Il collasso del pianeta e il grido di allarme degli adolescenti
Infine, gridano i nostri figli. Minacciati da un miope egoismo, gli adolescenti chiedono ansiosi a noi adulti di fare tutto il possibile per prevenire o almeno limitare il collasso degli ecosistemi del nostro pianeta.
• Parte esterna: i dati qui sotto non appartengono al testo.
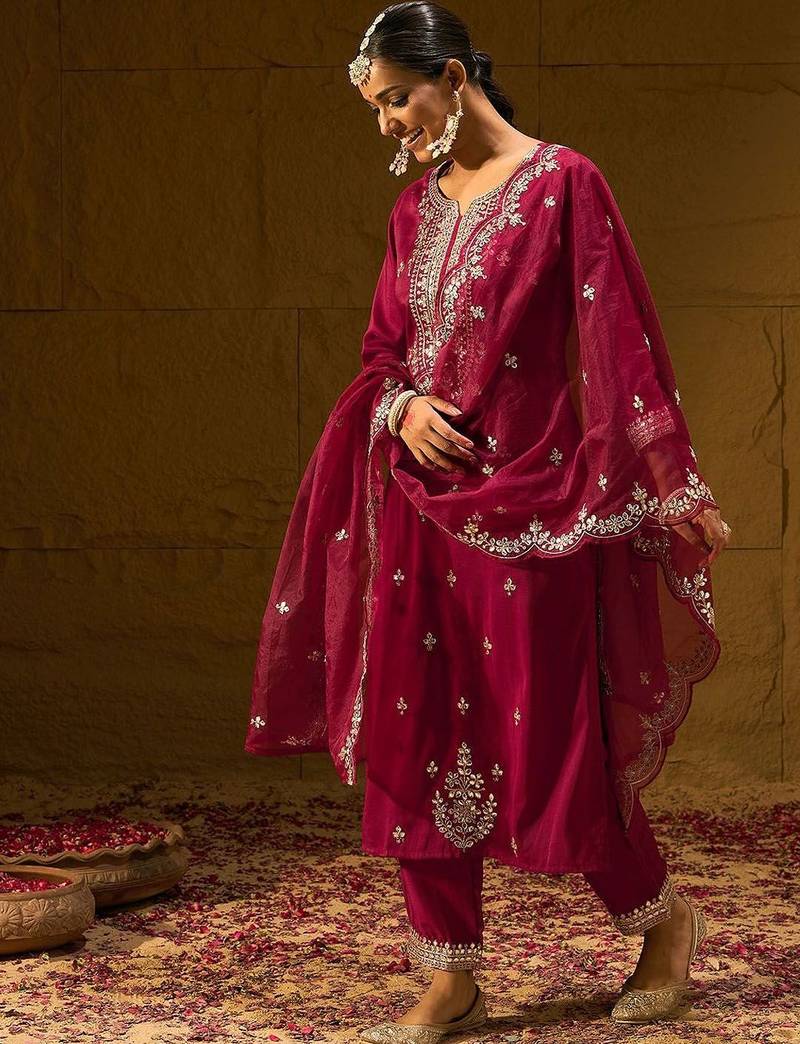 Ethnic Motifs Embroidered Gotta Patti Straight Kurta With Trousers & Dupatta
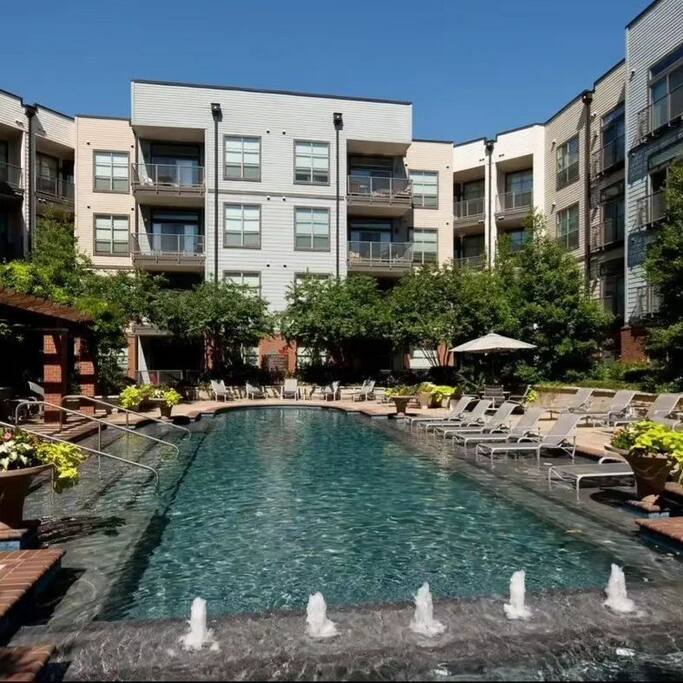 Comfortable 1 Bedroom condo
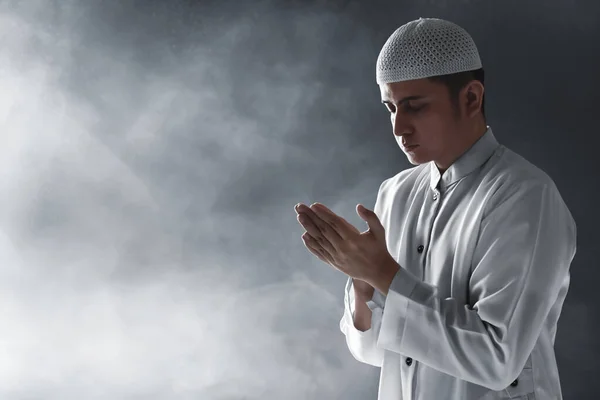 Náboženské Asijské Muslim Muž Modlí — Stock fotografie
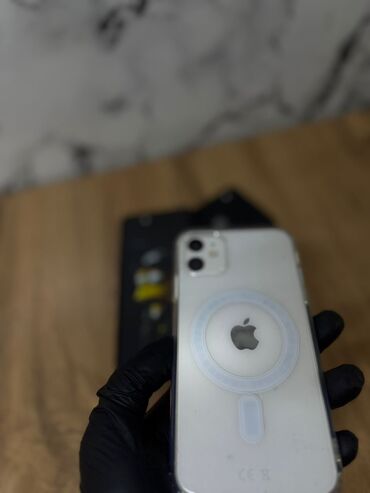 айфон на расрочку: IPhone 11, Колдонулган, 256 ГБ, Ак, Каптама, 100 %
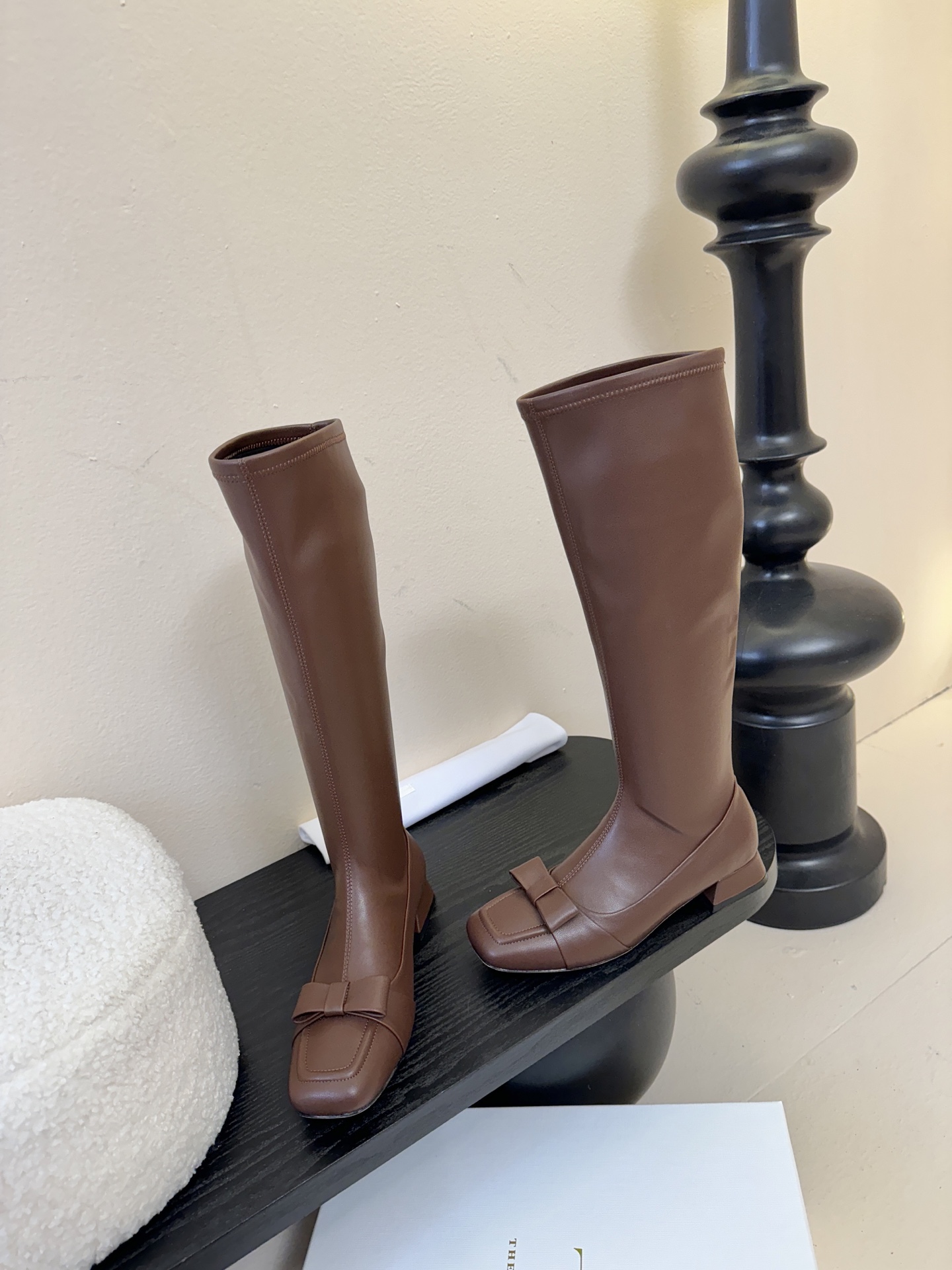 THE ROW 25ss秋冬新款 TR蝴蝶结方头粗跟弹力长靴弹力材质穿着起来舒适又有造型感，绝对是本季秋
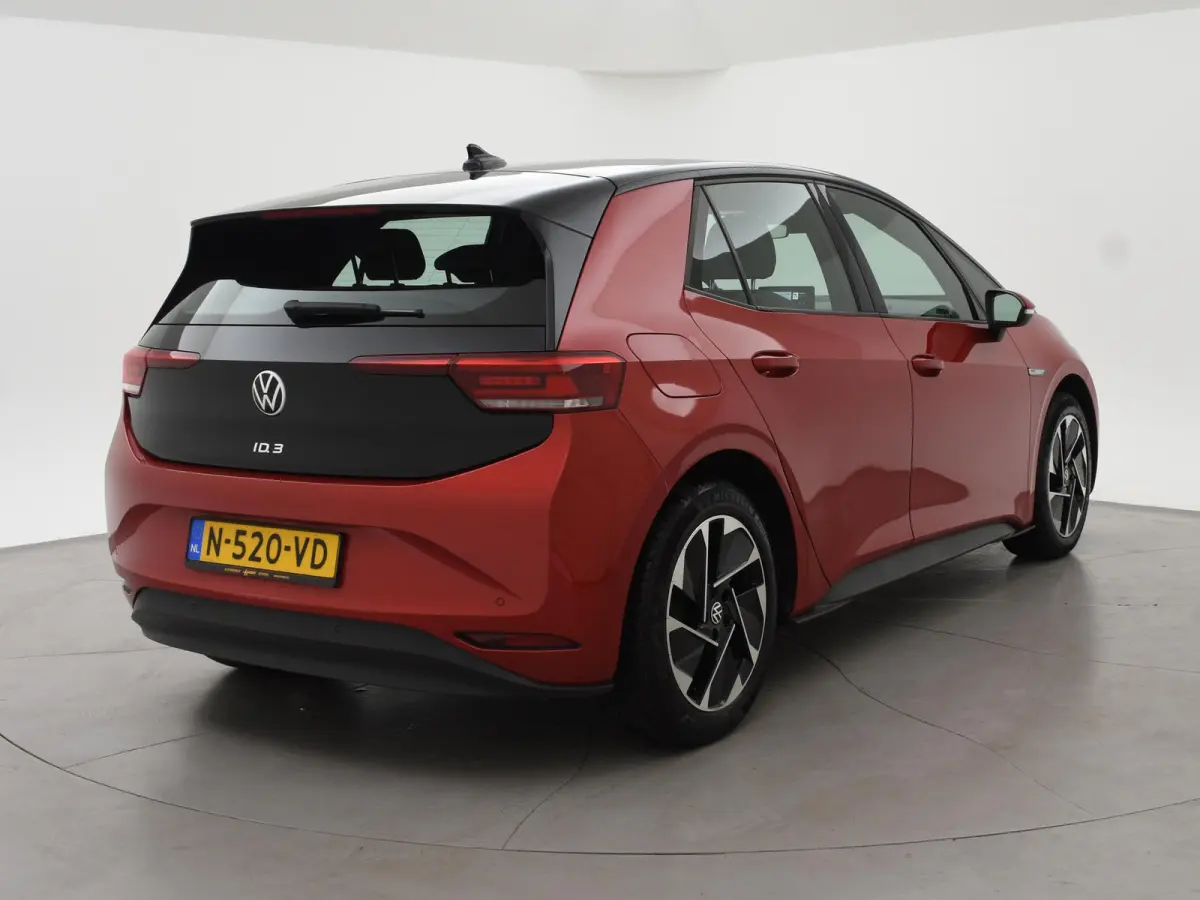 PRO 58 KWH + SFEERVERLICHTING | HEAD-UP | ADAPTIVE CRUISE | 18 INCH | STOELVERW. | CARPLAY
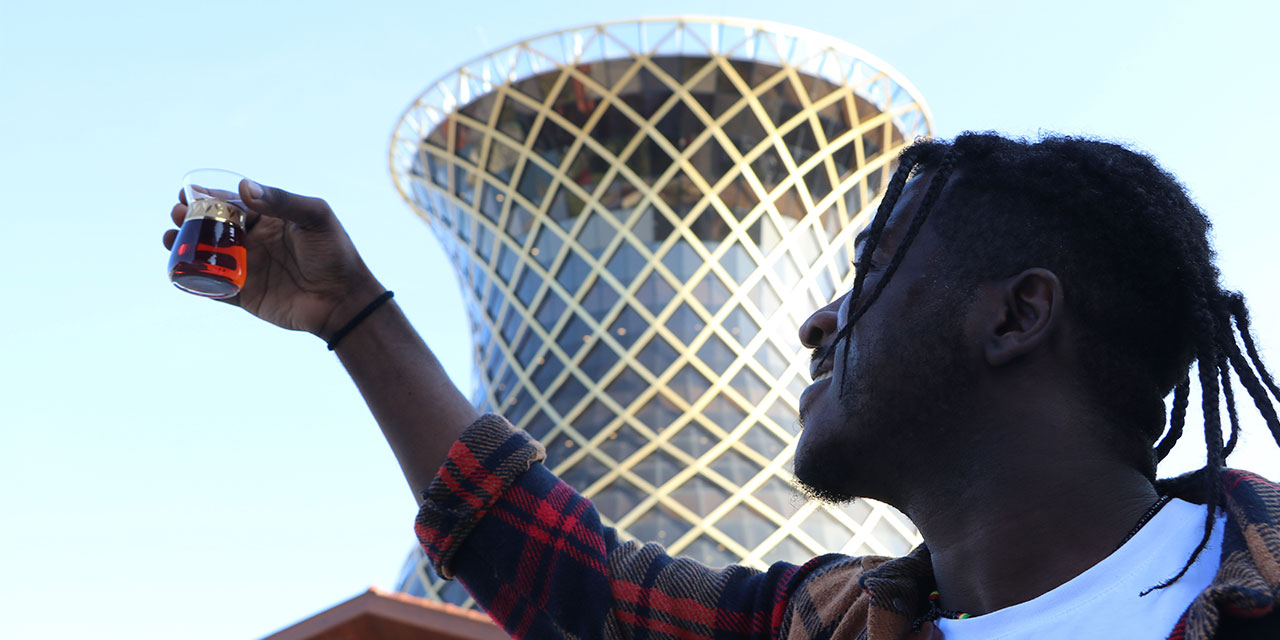 Rize'nin Ganalı Laz uşağı, 100. yıla özel Rizelilere çay dağıttı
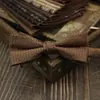 Novo estilo de gravatas borboleta para homens vintage all-match noivo casamento mulheres café marrom vermelho azul listrado flor distinto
Ascoltando queste grida amare, dobbiamo pentirci e modificare gli stili di vita e i sistemi dannosi”. In particolare i credenti dovrebbero invitare le nazioni ad accordarsi su quattro principi chiave per fermare la crisi climatica: “costruire una chiara base etica per la trasformazione di cui abbiamo bisogno al fine di salvare la biodiversità; lottare contro la perdita di biodiversità, sostenerne la conservazione e il recupero e soddisfare i bisogni delle persone in modo sostenibile; promuovere la solidarietà globale, alla luce del fatto che la biodiversità è un bene comune globale che richiede un impegno condiviso; mettere al centro le persone in situazioni di vulnerabilità, comprese quelle più colpite dalla perdita di biodiversità, come le popolazioni indigene, gli anziani e i giovani”.